5.Ein eigenständiger Stil ist im Tonalen auch heute möglich und wichtig. Deshalb zitiere ich andere Stilarten nur, wenn eine Szene dies erfordert. Eigenständigkeit ist mein oberstes Ziel.
6.Eine klare und einfache Musiksprache ist hohe Kunst. Trotz konzeptueller Strenge entsteht beim Abarbeiten von Tonreihen und Anhäufen von Klangeffekten aber oft ein chaotisches Hörerlebnis. Denn die graphische Komplexität einer Partitur zeigt eine Klarheit, die die gespielte Musik oft nicht widergibt. Musik ist aber nicht Papier, sondern Klang. Strawinsky, Prokofjew, Gershwin aber auch John Adams sind mir da Vorbilder. Deshalb muss man sich mit den Möglichkeiten und Grenzen menschlicher Rezeptionsfähigkeit auseinandersetzen und mit der Frage nach hörbarer Klarheit.
7.Klarheit meint nicht Simplizität, denn Klarheit schliesst Komplexität nicht aus.
8.Ich trage grossen Gefühlen Rechnung, denn Musik ist Gefühl, und ohne grosse Gefühle ist jede Oper langweilig.
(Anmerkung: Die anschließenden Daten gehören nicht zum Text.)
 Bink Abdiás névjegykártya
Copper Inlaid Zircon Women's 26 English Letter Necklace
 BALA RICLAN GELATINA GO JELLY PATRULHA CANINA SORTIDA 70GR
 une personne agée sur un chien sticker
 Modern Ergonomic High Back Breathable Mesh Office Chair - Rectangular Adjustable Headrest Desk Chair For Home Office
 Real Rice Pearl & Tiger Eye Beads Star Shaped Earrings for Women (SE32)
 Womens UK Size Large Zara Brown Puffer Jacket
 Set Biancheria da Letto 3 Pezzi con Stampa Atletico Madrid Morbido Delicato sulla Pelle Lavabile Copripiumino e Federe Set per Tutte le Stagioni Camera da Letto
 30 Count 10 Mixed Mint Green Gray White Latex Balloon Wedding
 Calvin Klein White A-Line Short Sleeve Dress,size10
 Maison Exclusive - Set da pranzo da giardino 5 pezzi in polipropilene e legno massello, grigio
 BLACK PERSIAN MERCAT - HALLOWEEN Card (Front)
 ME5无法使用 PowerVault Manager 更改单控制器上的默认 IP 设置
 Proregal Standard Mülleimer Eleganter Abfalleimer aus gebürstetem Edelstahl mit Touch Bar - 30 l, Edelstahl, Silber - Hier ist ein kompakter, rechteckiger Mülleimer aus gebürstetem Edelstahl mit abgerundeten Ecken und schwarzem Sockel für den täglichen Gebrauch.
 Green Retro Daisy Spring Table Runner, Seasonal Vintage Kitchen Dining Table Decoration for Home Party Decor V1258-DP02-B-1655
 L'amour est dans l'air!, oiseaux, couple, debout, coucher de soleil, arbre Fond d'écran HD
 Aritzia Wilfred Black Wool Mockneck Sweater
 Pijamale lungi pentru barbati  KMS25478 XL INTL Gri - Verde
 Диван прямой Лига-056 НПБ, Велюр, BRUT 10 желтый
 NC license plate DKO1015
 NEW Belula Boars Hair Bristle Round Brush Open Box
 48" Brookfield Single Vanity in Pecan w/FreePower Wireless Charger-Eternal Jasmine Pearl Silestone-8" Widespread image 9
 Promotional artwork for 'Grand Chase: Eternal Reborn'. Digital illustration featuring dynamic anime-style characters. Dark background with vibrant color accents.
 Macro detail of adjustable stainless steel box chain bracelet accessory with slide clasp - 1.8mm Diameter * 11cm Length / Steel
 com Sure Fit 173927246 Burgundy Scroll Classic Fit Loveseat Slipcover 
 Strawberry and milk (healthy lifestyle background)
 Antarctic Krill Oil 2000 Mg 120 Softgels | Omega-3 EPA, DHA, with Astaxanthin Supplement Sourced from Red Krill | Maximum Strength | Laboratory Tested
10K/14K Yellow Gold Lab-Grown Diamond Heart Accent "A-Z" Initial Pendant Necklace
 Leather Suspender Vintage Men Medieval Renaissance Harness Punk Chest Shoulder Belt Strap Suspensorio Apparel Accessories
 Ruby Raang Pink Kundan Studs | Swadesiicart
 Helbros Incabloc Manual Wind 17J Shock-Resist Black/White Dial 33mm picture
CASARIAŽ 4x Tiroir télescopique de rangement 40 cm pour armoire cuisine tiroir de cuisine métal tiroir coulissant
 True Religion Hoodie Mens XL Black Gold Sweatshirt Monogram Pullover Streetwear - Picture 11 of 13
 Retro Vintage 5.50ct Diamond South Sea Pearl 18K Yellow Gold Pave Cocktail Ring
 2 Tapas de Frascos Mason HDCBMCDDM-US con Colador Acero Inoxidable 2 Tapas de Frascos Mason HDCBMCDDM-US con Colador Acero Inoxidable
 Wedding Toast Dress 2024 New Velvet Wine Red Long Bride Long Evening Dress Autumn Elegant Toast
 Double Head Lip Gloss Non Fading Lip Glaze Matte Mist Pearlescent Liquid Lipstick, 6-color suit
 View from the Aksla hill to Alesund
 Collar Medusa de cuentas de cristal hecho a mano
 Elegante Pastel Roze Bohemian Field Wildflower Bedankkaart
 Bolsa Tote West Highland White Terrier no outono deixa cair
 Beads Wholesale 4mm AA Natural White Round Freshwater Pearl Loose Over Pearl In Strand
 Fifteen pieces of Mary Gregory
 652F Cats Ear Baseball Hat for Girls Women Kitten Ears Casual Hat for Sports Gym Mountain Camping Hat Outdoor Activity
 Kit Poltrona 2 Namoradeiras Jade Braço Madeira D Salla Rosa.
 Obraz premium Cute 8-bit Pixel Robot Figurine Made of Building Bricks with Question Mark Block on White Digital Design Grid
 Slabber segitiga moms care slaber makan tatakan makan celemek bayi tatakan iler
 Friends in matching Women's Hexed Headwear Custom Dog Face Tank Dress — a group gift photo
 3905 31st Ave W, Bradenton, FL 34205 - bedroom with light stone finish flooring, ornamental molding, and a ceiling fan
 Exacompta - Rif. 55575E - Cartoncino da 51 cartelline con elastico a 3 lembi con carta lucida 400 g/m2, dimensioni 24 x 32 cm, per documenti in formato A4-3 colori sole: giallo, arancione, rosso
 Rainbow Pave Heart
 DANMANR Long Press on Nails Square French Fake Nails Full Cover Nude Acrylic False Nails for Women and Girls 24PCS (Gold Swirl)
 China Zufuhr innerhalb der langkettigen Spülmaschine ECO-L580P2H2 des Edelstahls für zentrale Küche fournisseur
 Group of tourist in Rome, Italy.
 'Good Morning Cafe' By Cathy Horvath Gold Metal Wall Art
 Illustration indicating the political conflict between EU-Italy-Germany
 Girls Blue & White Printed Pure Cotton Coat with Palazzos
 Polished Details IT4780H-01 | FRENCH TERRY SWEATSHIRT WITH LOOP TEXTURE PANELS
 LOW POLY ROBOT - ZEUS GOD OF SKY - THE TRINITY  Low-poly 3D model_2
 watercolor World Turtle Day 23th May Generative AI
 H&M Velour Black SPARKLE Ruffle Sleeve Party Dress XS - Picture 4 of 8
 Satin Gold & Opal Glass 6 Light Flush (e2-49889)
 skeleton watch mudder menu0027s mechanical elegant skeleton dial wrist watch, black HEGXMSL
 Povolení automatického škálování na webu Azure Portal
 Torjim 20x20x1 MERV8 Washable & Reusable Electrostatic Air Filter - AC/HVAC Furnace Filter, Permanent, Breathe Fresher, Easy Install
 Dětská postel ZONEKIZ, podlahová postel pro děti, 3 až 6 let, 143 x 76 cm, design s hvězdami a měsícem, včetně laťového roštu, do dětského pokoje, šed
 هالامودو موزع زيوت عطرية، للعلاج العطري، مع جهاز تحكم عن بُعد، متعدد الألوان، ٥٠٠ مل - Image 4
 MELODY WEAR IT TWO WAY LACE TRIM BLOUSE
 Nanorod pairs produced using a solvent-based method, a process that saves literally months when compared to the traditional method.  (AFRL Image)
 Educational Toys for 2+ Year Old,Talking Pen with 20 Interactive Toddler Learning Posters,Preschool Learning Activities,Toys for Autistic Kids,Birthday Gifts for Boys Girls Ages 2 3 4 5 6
Musikalische Strukturen, Konzepte und Formen sind deshalb nur Mittel zum Zweck und nicht Qualitätsmerkmale an sich.
9.Ich möchte bei der Tradition anknüpfen, um neue Wege zu gehen. Verdis Votum – auch wenn es in einem anderen Zusammenhang steht – war für mich immer bedenkenswert: «Ritorniamo all’antico è sarà un progresso.» (Machen wir einen Schritt zurück, und es wird ein Fortschritt sein.)
10. Eine neue Tradition ist möglich.